I am given a (pandas) dataframe telling me about membership relations of people and clubs. What I want to find is the number of members that any two clubs have in common.
Example Input:
Person Club
1 A
1 B
1 C
2 A
2 C
3 A
3 B
4 C
In other words, A = {1,2,3}, B = {1,3}, and C = {1,2,4}.
Desired output:
Club 1 Club 2 Num_Overlaps
A B 1
A C 2
B C 1
I can of course write python code that calculates those numbers, but I guess there must be a more dataframe-ish way using groupby or so to accomplish the same.
CodePudding user response:
First, I grouped the dataframe on the club to get a set of each person in the club.
grouped = df.groupby("Club").agg({"Person": set}).reset_index()
Club Person
0 A {1, 2, 3}
1 B {1, 3}
2 C {1, 2, 4}
Then, I created a Cartesian product of this dataframe.

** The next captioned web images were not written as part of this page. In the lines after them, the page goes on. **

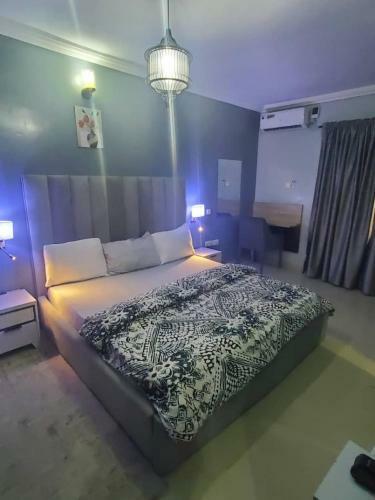 Classy Serviced Ocean View 2 Bedroom Apartment For Shorltet Ikate Lekki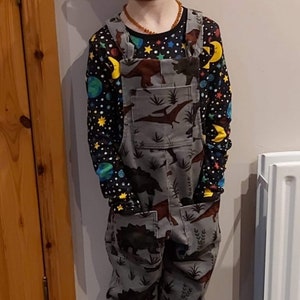 Childrens grey Dinosaur Dungarees in stretch corduroy bild 6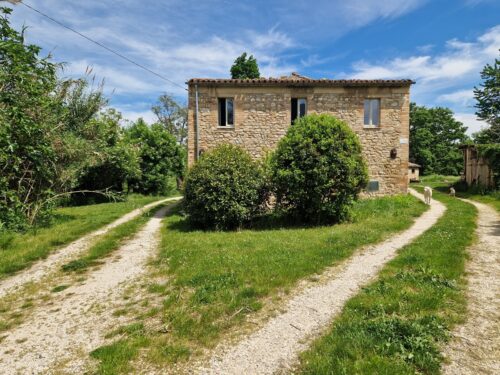 Farmhouses & Country Houses property for sale in Ascoli Piceno, Ascoli Piceno, Marche, Italy – 5 bedrooms, 2 bathrooms, €350,000 – Ref 3795835
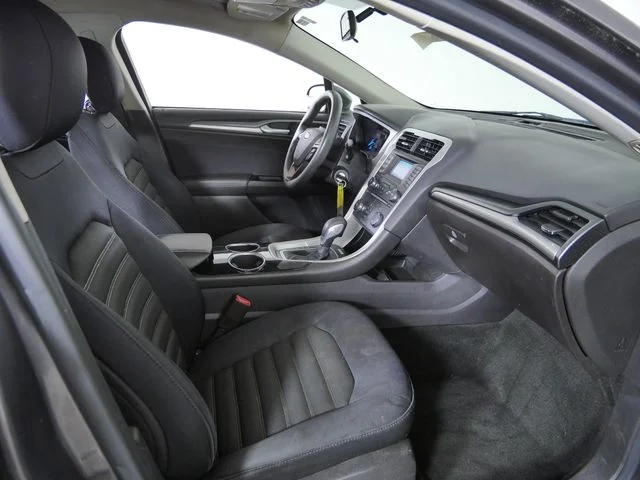 Used 2013 Gray Ford SE image 10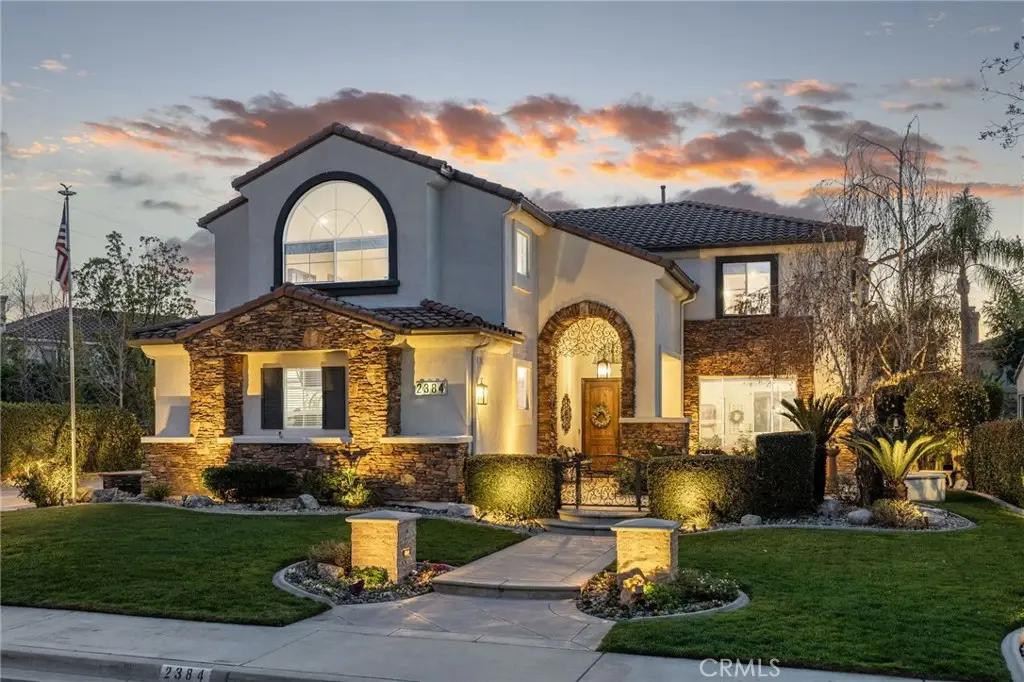 2384 Canyon Crest, La Verne, CA 91750 - #1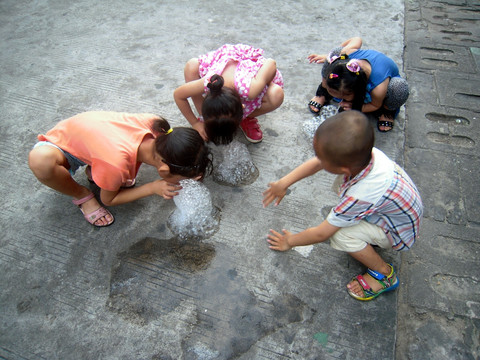 吹水泡的小顽童小孩子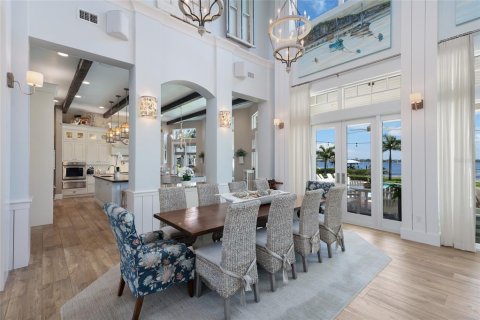 Casa en venta en Bradenton, Florida, 6 dormitorios, 651.9 m2 № 2206702 - foto 14
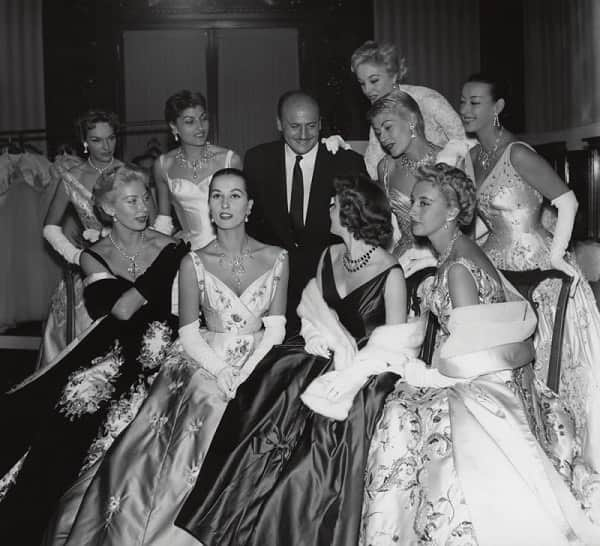 オリヴィエ・ルスタンさんのインスタグラム写真 - (オリヴィエ・ルスタンInstagram)「So this is the Balmain Army of 1950 🖤  Mr Balmain being surrounded by his ladies in Paris 🇫🇷」9月1日 4時04分 - olivier_rousteing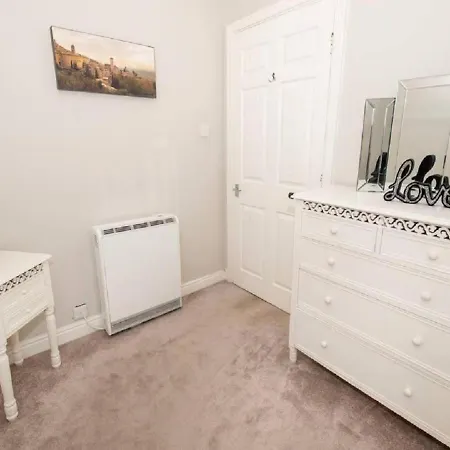 Seabirds - Cosy Ground Floor With Parking Space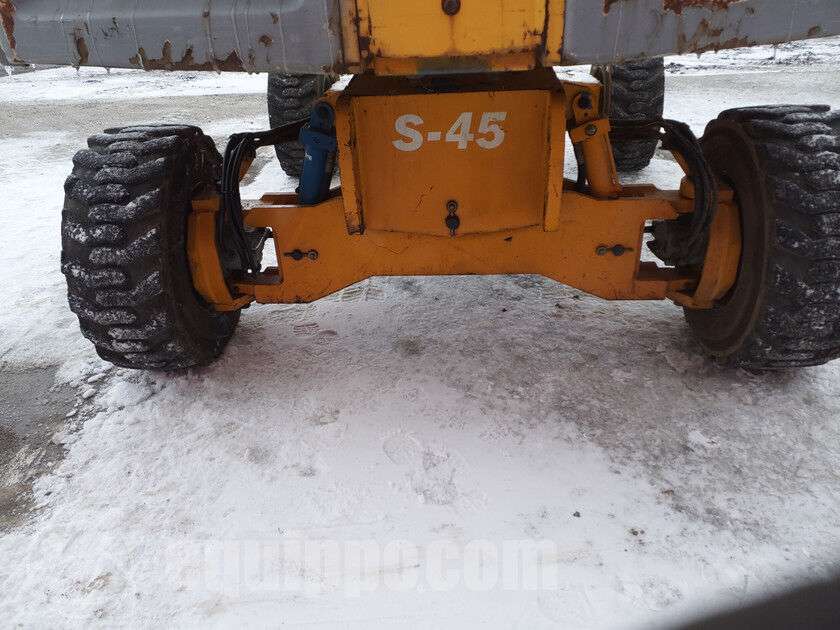 Teleskopinį keltuvą GENIE S-45 parduodama aukcione-photo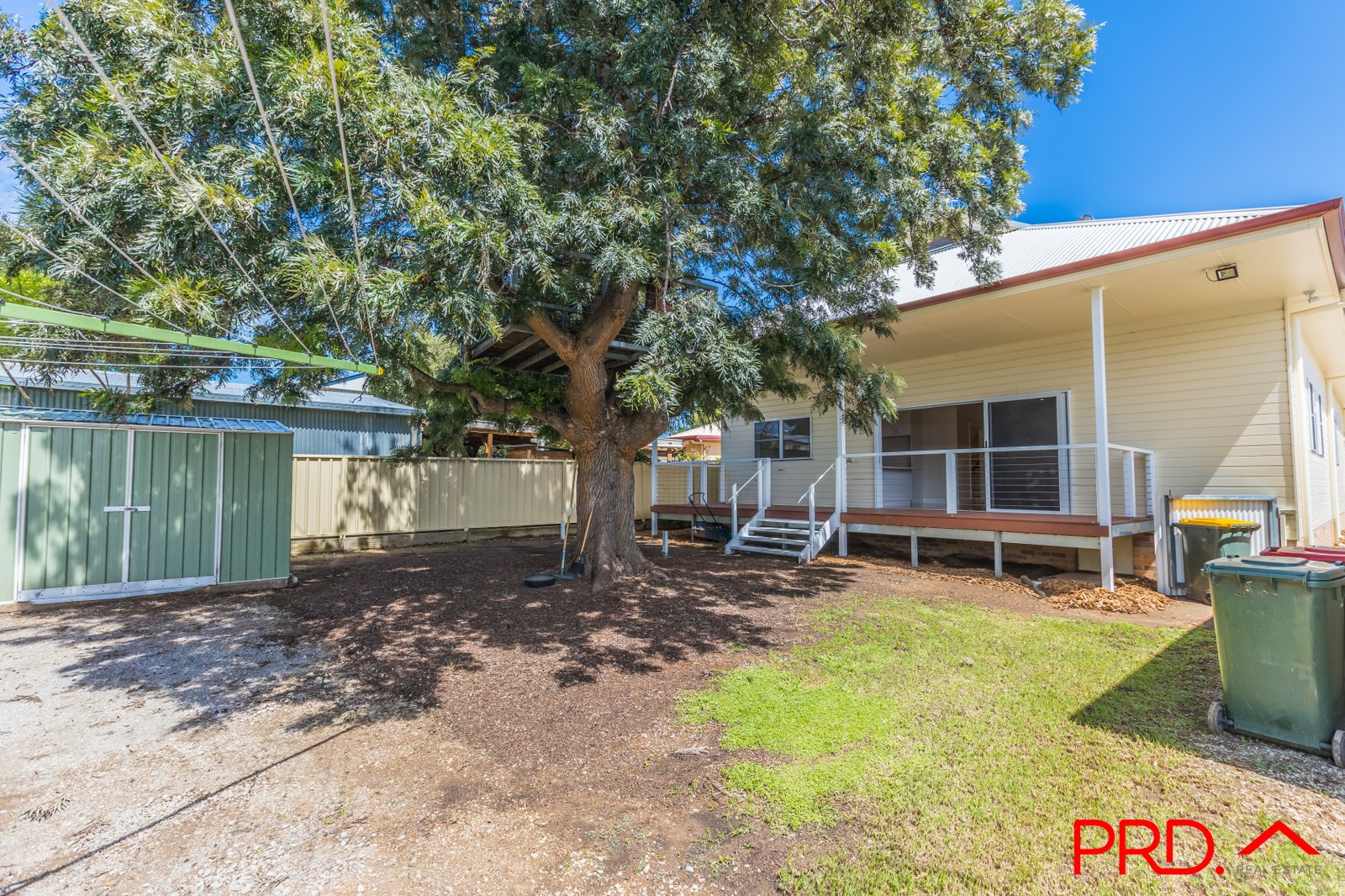 9 Melrose Street TAMWORTH 32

I didn't have pandas 1.2.0, so I couldn't use the cross join available in df.merge()
. Instead, I used the idea from this answer: pandas two dataframe cross join
grouped["key"] = 0
product = grouped.merge(grouped, on="key", how="outer").drop(columns="key")
Club_x Person_x Club_y Person_y
0 A {1, 2, 3} A {1, 2, 3}
1 A {1, 2, 3} B {1, 3}
2 A {1, 2, 3} C {1, 2, 4}
3 B {1, 3} A {1, 2, 3}
4 B {1, 3} B {1, 3}
5 B {1, 3} C {1, 2, 4}
6 C {1, 2, 4} A {1, 2, 3}
7 C {1, 2, 4} B {1, 3}
8 C {1, 2, 4} C {1, 2, 4}
I then filtered out pairs where Club_x < Club_y
so it removes duplicate pairs.
filtered = product[product["Club_x"] < product["Club_y"]]

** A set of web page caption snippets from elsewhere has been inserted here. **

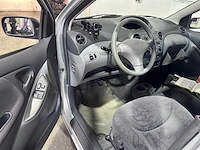 Toyota - yaris - 1.3-16v vvt-i sol - 94-hb-hv - afbeelding 18 van  18
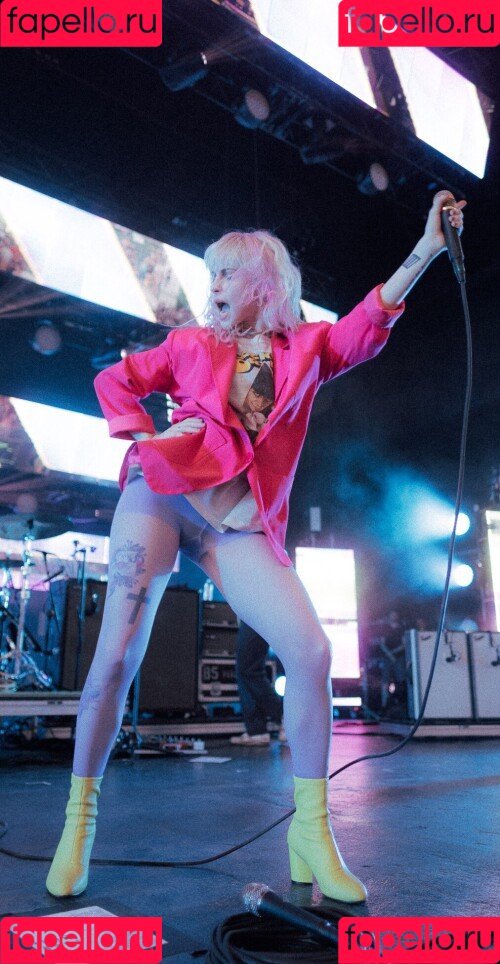 Hayley Williams Onlyfans Photo Gallery 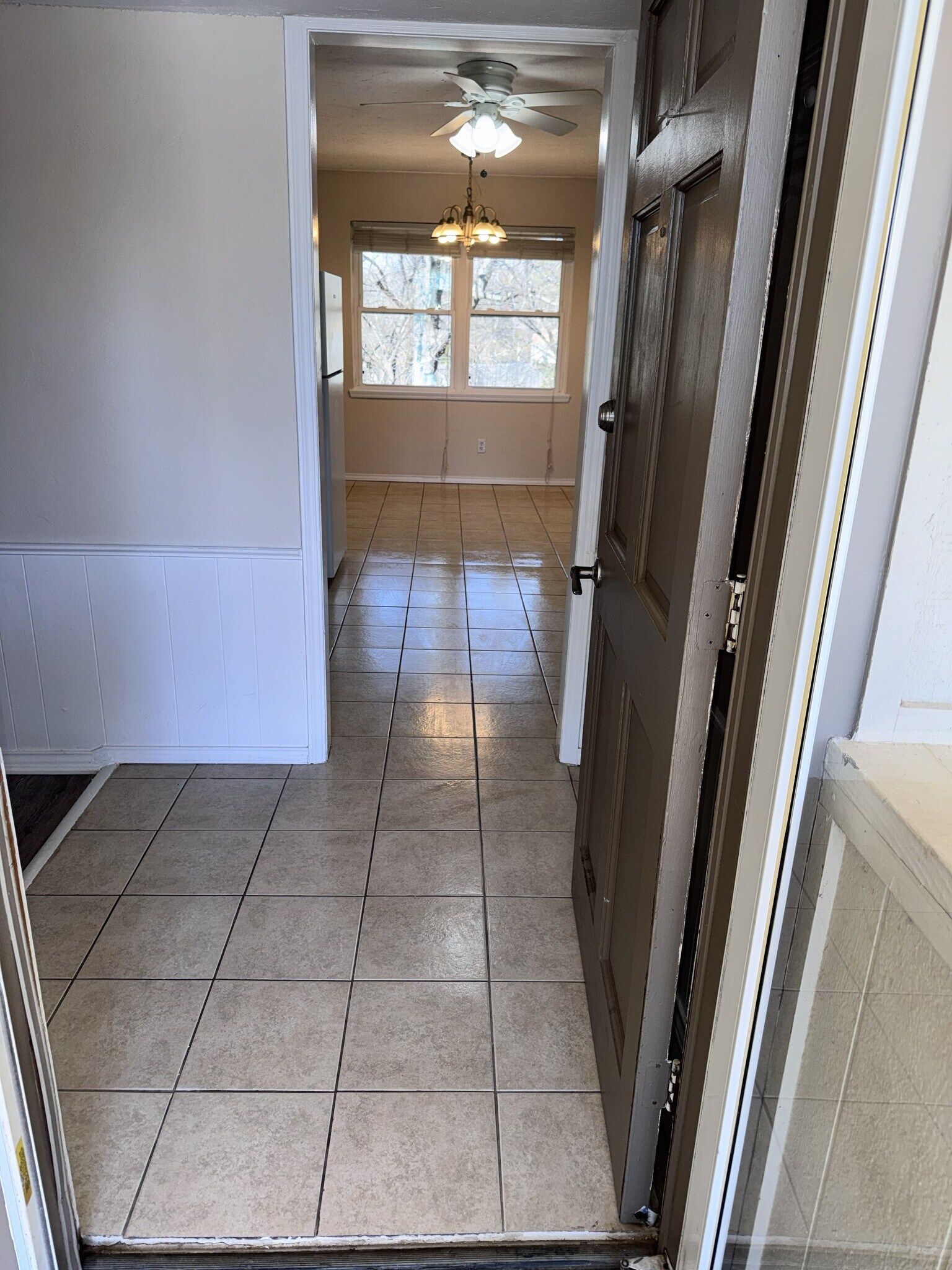 Entry - 1713 E Lindsey St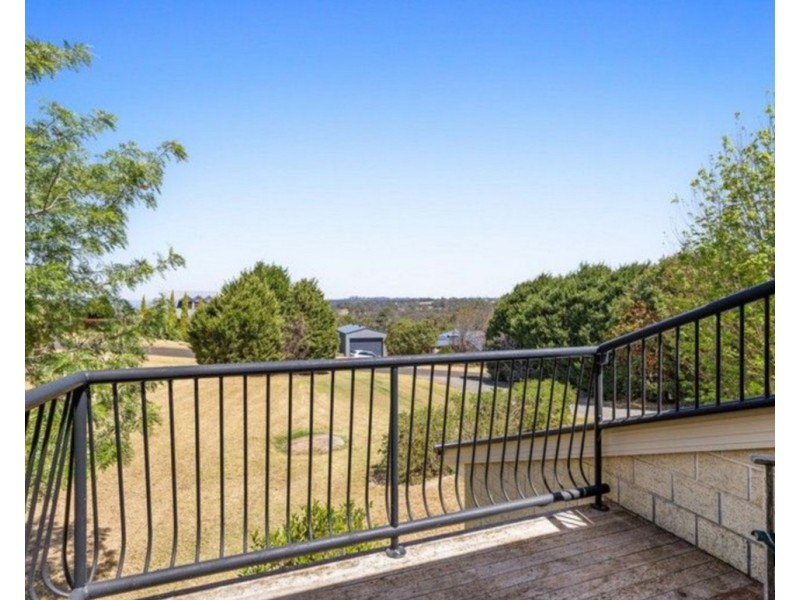 11 High Street, Highfields QLD 4352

Club_x Person_x Club_y Person_y
1 A {1, 2, 3} B {1, 3}
2 A {1, 2, 3} C {1, 2, 4}
5 B {1, 3} C {1, 2, 4}
Finally, I added the column with the overlap size and renamed columns as necessary.
result = filtered.assign(Num_Overlaps=filtered.apply(lambda row: len(row["Person_x"].intersection(row["Person_y"])), axis=1))

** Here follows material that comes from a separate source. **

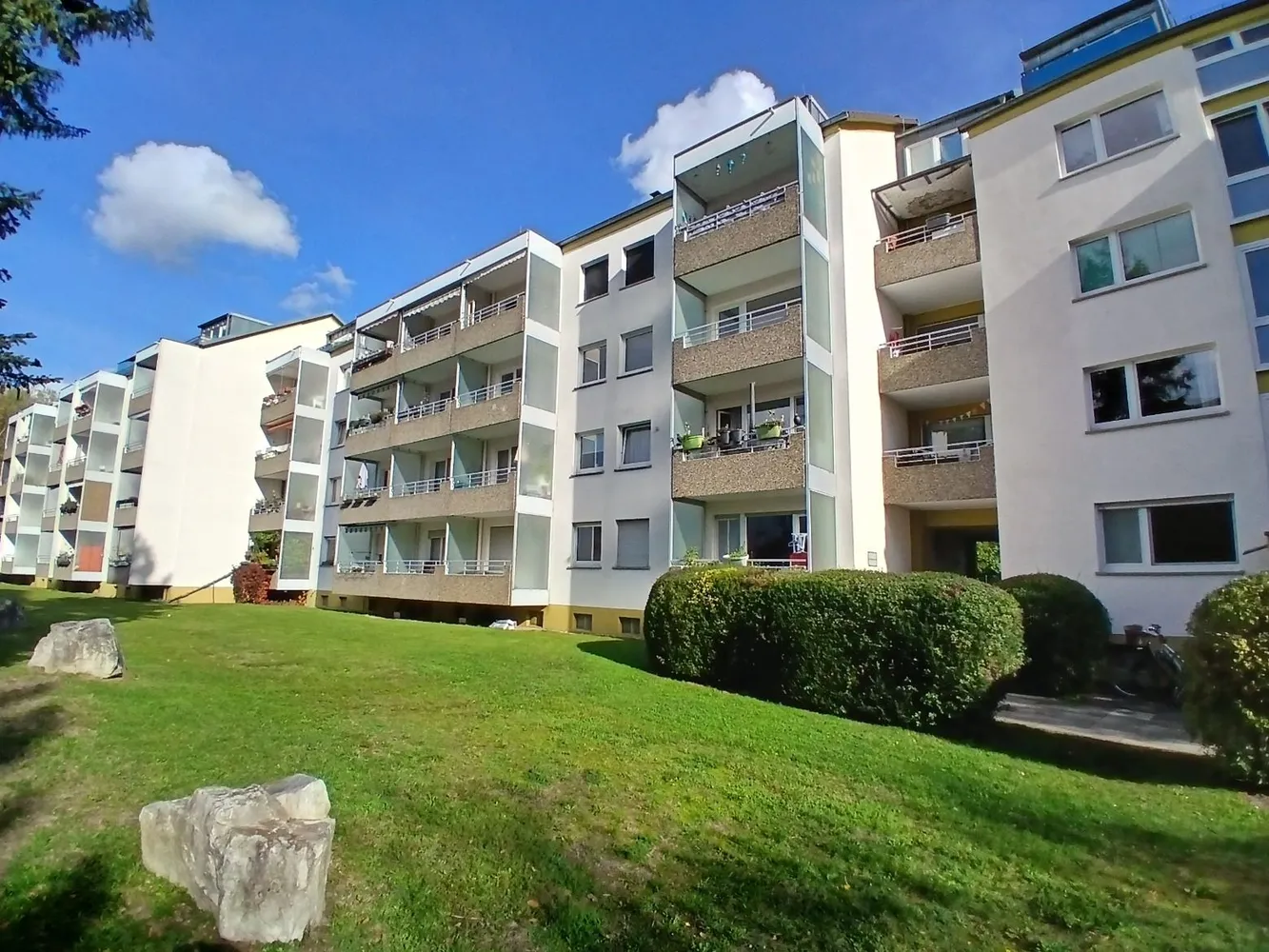 2 room apartment with 57 m² in Frankfurt am Main – Photo 1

result = result.rename(columns={"Club_x": "Club 1", "Club_y": "Club 2"}).drop(["Person_x", "Person_y"], axis=1)
Club 1 Club 2 Num_Overlaps
1 A B 2
2 A C 2
5 B C 1
CodePudding user response:
You can indeed do this with groupby
and some set manipulation. I would also use itertools.combinations
, to get the list of club pairs.
import pandas as pd
from itertools import combinations
df = pd.DataFrame({'Person': [1, 1, 1, 2, 2, 3, 3, 4],
'Club': list('ABCACABC')})
members = df.groupby('Club').agg(set)
clubs = sorted(list(set(df.Club)))
overlap = pd.DataFrame(list(combinations(clubs, 2)),
columns=['Club 1', 'Club 2'])
def n_overlap(row):
club1, club2 = row
members1 = members.loc[club1, 'Person']
members2 = members.loc[club2, 'Person']
return len(members1.intersection(members2))
overlap['Num_Overlaps'] = overlap.apply(n_overlap, axis=1)
overlap
Club 1 Club 2 Num_Overlaps
0 A B 2
1 A C 2
2 B C 1
Note there is one difference to your desired output, but that is probably as it should be, as noted by @rchome in the comment above.